In queste due storie evidentemente il nodo sta a monte. Per anni, in Vaticano, la scelta dei gestori non è avvenuta seguendo criteri di solidità, reputazione e storia professionale. Più spesso ha prevalso la logica delle conoscenze personali, delle entrature, del “si conoscono da tempo”. Questo, con un risultato inevitabile: invece di affidarsi a operatori con competenza provata, ci si è lasciati convincere da figure senza reale esperienza di mercato. E quando al tavolo siedono persone così, è facile che finiscano per tutelare prima i propri interessi e solo dopo – molto dopo – quelli del fondo che dovrebbero amministrare.

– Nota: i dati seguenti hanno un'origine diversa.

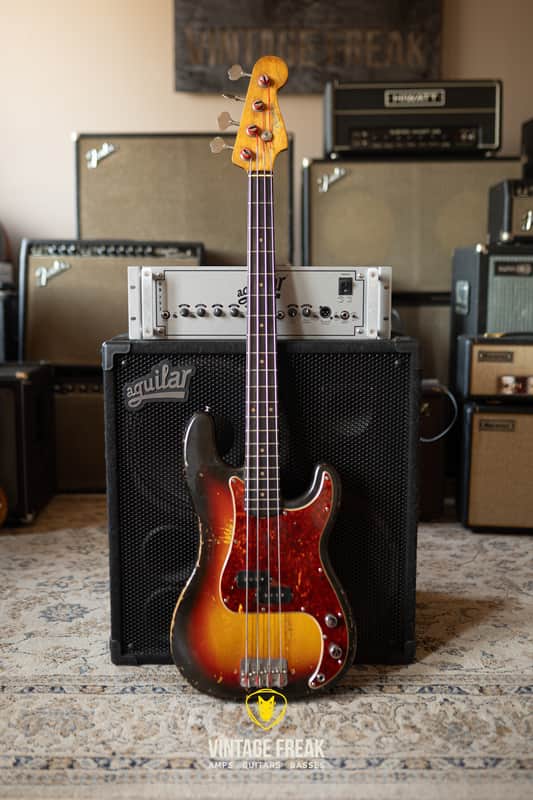 Fender Precision Bass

Un caso economico, morale e politico
Il “caso Budapest” non è solo una disputa tra banche e fondi. È uno specchio delle contraddizioni della Chiesa contemporanea, chiamata a coniugare spiritualità e finanza, dottrina e governance.
Investire non è peccato – ricordava già la Centesimus Annus – ma lo diventa quando l’investimento perde il senso del fine: servire il bene comune, non il profitto fine a sé stesso. L’inchiesta tocca anche equilibri geopolitici delicati: la presenza del Vaticano in un affare che finisce nelle mani di un oligarca vicino a Orbán non è solo una questione contabile, ma anche diplomatica.

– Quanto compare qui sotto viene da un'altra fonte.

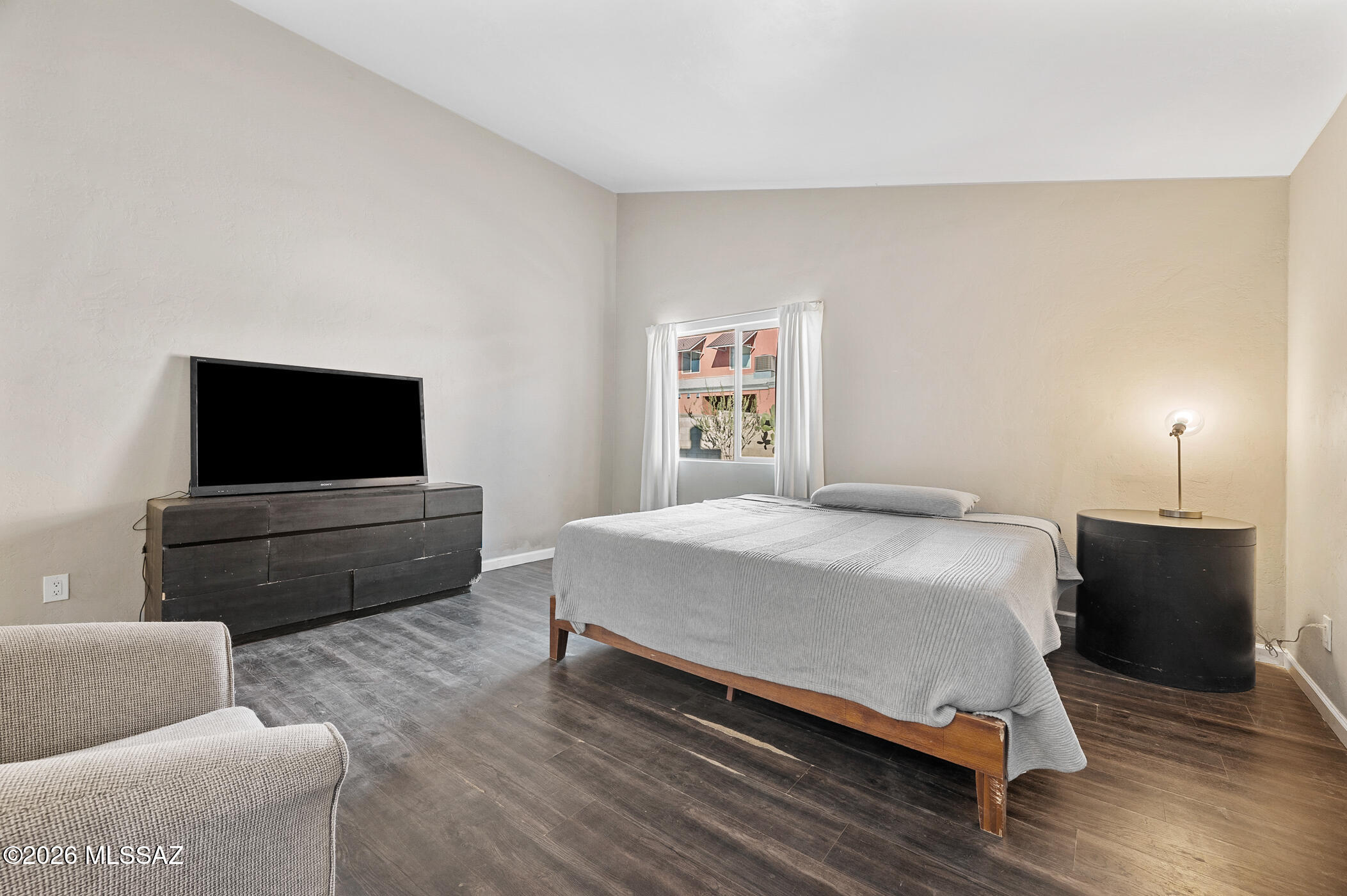 Los Olivos Est I (1-24) - Residential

Per alcuni osservatori, il caso potrebbe raffreddare i rapporti tra Santa Sede e il fronte conservatore ungherese, finora tra i più vicini al Papa su temi morali ma critici su quelli sociali.

Cosa resta in gioco
Oggi, tra Roma, Ginevra e La Valletta, si combatte una partita silenziosa fatta di rogatorie, trust e società veicolo. L’obiettivo del Vaticano è chiaro: recuperare i fondi e dimostrare che la riforma della sua finanza non è solo di facciata. La Svizzera, da parte sua, sembra intenzionata a collaborare pienamente, in un gesto che segna la fine di un’epoca: quella in cui il segreto bancario proteggeva ogni ombra. Resta un monito per tutti gli enti religiosi e filantropici che gestiscono patrimoni: la fede non basta a garantire la trasparenza, e la buona intenzione non assolve la cattiva governance.
Servono competenza, controllo e una visione chiara di ciò che la finanza deve servire: l’uomo, non il profitto.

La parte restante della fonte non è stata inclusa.